This notebook visualizes the data geocoded in foursquare-geocode-football-stadiums.ipynb. The dataset comprises all the Division I college football stadiums in the US (FBS and FCS) comes from here and here.
import pandas as pd, numpy as np, matplotlib.pyplot as plt, json
import matplotlib.font_manager as fm, matplotlib.cm as cm, matplotlib.patches as mpatches
from mpl_toolkits.basemap import Basemap
%matplotlib inline
# dpi for saving images
dpi = 96
input_filename = 'data/stadiums-geocoded.csv'
df = pd.read_csv(input_filename, encoding='utf-8')
df.head()
stadium | city | state | team | conference | capacity | built | expanded | div | latitude | longitude | |
---|---|---|---|---|---|---|---|---|---|---|---|
0 | Michigan Stadium | Ann Arbor | MI | Michigan | Big Ten | 107601 | 1927 | 2015 | fbs | 42.265869 | -83.748726 |
1 | Beaver Stadium | University Park | PA | Penn State | Big Ten | 106572 | 1960 | 2001 | fbs | 40.812153 | -77.856202 |
2 | Ohio Stadium | Columbus | OH | Ohio State | Big Ten | 104944 | 1922 | 2014 | fbs | 40.001686 | -83.019728 |
3 | Kyle Field | College Station | TX | Texas A&M | SEC | 102733 | 1927 | 2015 | fbs | 30.610098 | -96.340729 |
4 | Neyland Stadium | Knoxville | TN | Tennessee | SEC | 102455 | 1921 | 2010 | fbs | 35.954734 | -83.925333 |
'These stadiums can collectively hold {:,} people.'.format(df['capacity'].sum())

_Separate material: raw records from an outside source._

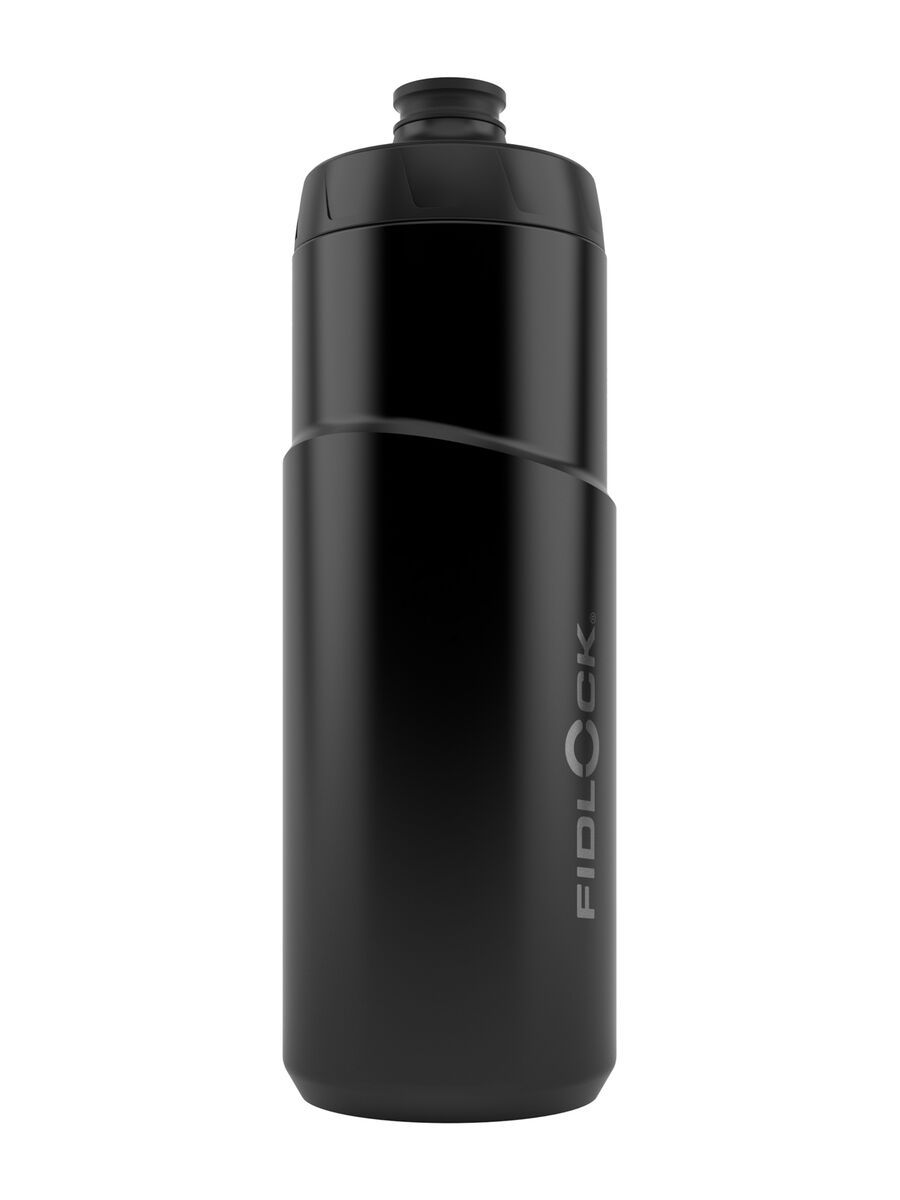 Fidlock Twist Bottle 600 + Bike Base, transparent black - Bild 3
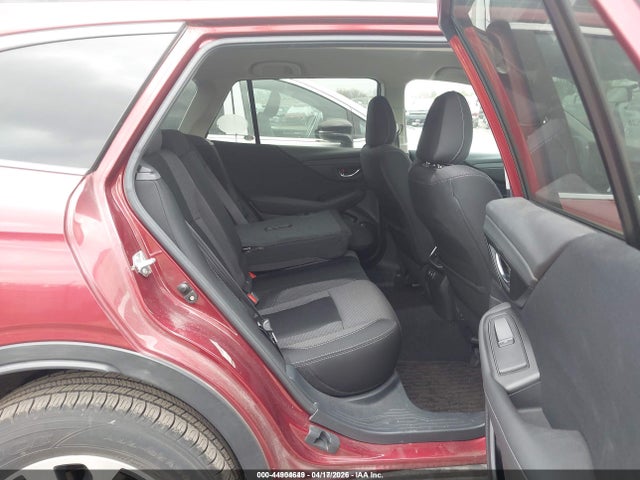 Aukcja sprzedaży 2022 Subaru Outback Premium, vin: 4S4BTACC8N3101235, numer aukcji: 44904649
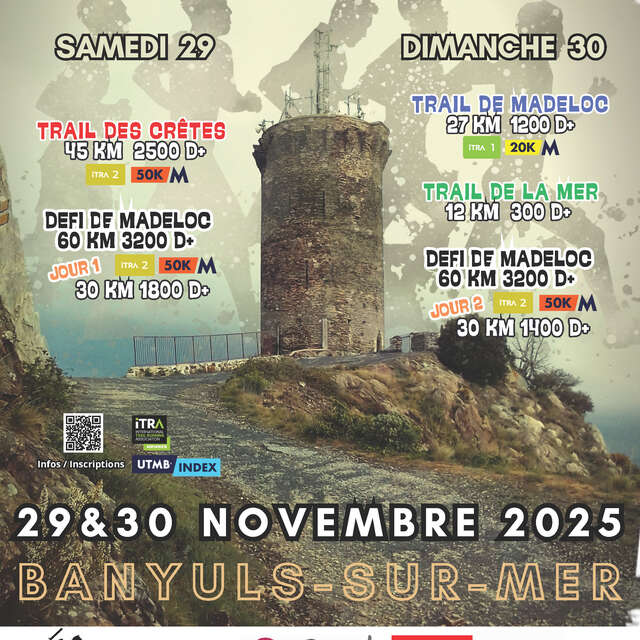 MADELOC SKYTRAIL 2025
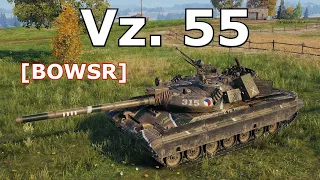 World of Tanks Vz. 55 - 7 Kills 10,9K Damage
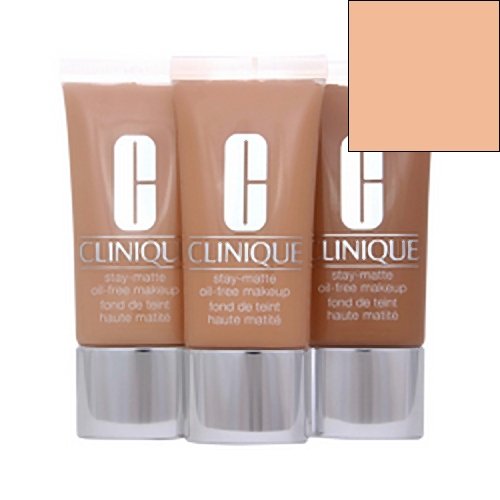 Stay-Matte Oil-Free Makeup by Clinique 02 Alabaster 30ml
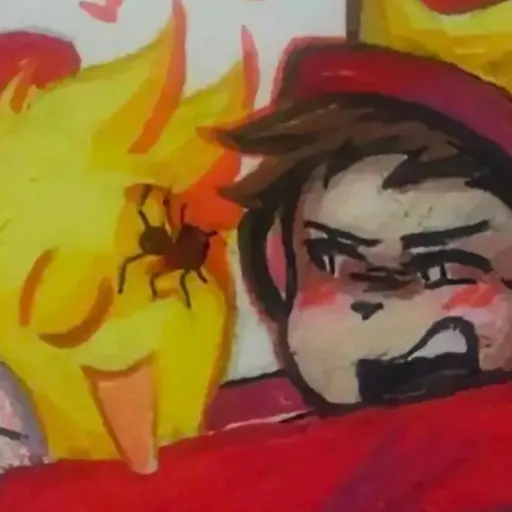 creator SpyderSammy⚡'s avatar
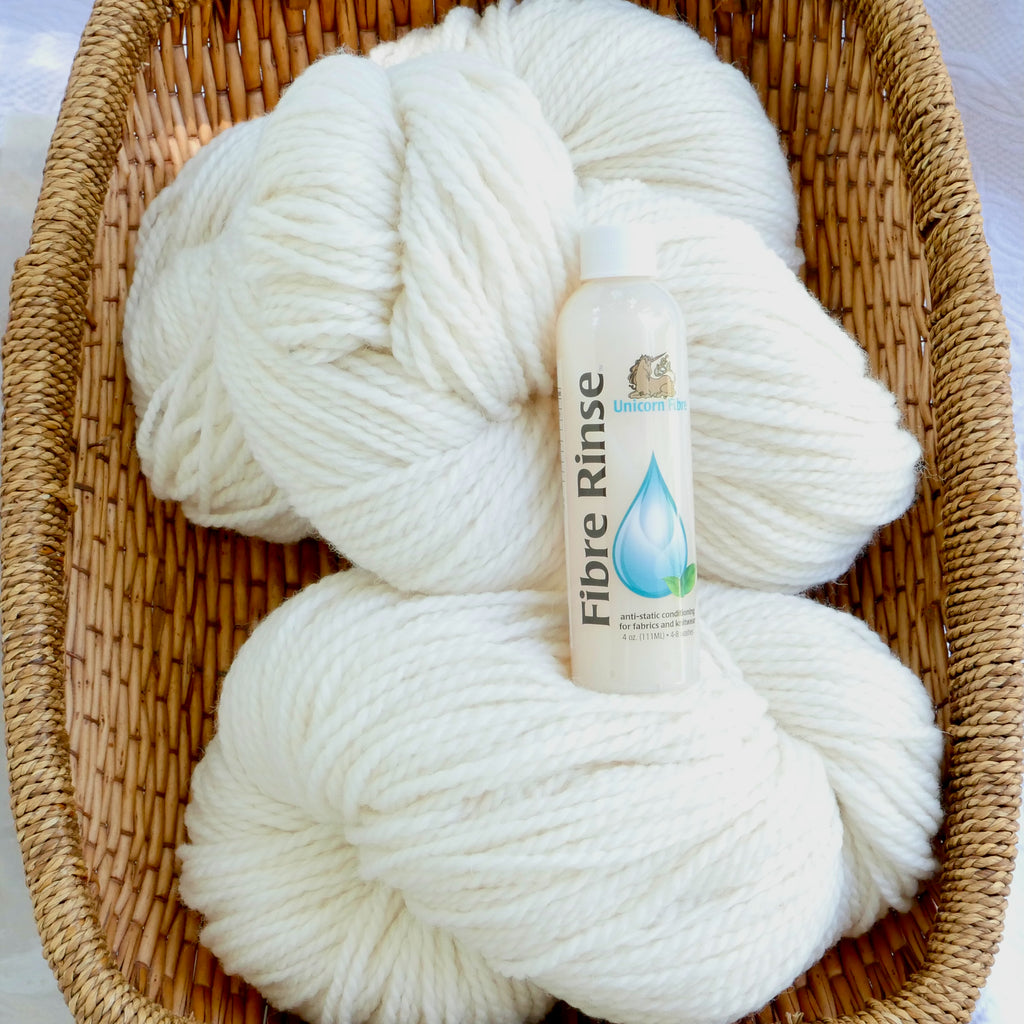 Fibre Rinse Conditioner | Unicorn Fibre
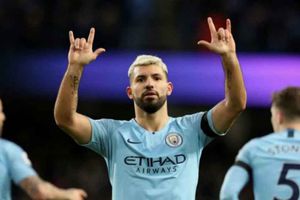 Kun Agüero ayudó económicamente a un enfermo de cáncer durante un stream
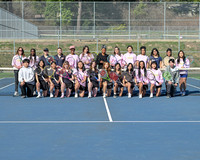 Tennis Girls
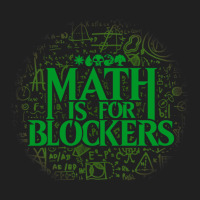 Math Is For Blockers   Forest Edition Ladies Polo Shirt | Artistshot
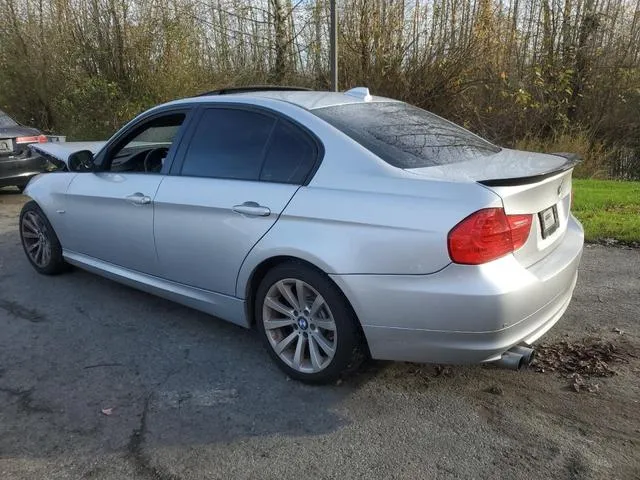 WBAPK7G53BNN78857 2011 2011 BMW 3 Series- 328 XI 2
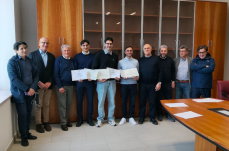 Assegnati a Matera i premi di laurea concessi dall&rsquo;Unibas e dell&rsquo;Ebat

'These stadiums can collectively hold 8,399,718 people.'
title_font = fm.FontProperties(family='Bitstream Vera Sans', style='normal', size=16, weight='bold', stretch='normal')
label_font = fm.FontProperties(family='Bitstream Vera Sans', style='normal', size=14, weight='normal', stretch='normal')

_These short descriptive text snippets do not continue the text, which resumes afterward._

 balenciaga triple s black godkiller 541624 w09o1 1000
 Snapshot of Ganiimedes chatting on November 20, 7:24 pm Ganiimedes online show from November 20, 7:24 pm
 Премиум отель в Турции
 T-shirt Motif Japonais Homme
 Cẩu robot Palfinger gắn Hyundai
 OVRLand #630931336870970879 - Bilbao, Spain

df_plot = df.groupby('conference')['capacity'].mean()
df_plot = df_plot.sort_values(ascending=False)
df_plot = df_plot / 1000
divs = [df[df['conference']==label].iloc[0]['div'] for label in df_plot.index]
colors = ['#cc0000' if div=='fbs' else '#0033cc' for div in divs]
ax = df_plot.plot(kind='bar', figsize=[10, 7], color=colors, width=1, alpha=0.5, ec='w')
ax.yaxis.grid(True)
ax.set_xticklabels(df_plot.index, rotation=45, rotation_mode='anchor', ha='right')
ax.set_xlabel('Conference', fontproperties=label_font)
ax.set_ylabel('Mean seating capacity (thousands)', fontproperties=label_font)
ax.set_title('NCAA Division I Conferences by Football Stadium Capacity', fontproperties=title_font, y=1.01)
fbs_patch = mpatches.Patch(fc='#cc0000', alpha=0.5, ec='w', label='FBS')
fcs_patch = mpatches.Patch(fc='#0033cc', alpha=0.5, ec='w', label='FCS')
ax.legend(handles=[fbs_patch, fcs_patch], prop={'size':14})
plt.savefig('images/conferences-bar.png', dpi=dpi, bbox_inches='tight', pad_inches=0.1)
plt.show()
df_plot = df.sort_values(by='capacity', ascending=False)
df_plot = df_plot.set_index('team')
df_plot['capacity'] = df_plot['capacity'] / 1000
ax = df_plot['capacity'].head(25).plot(kind='bar', figsize=[12, 6], width=0.8, alpha=0.5, color='k', edgecolor='w')
ax.yaxis.grid(True)
ax.set_ylim([0, 120])
ax.set_xticklabels(df_plot.index, rotation=45, rotation_mode='anchor', ha='right')
ax.set_xlabel('', fontproperties=label_font)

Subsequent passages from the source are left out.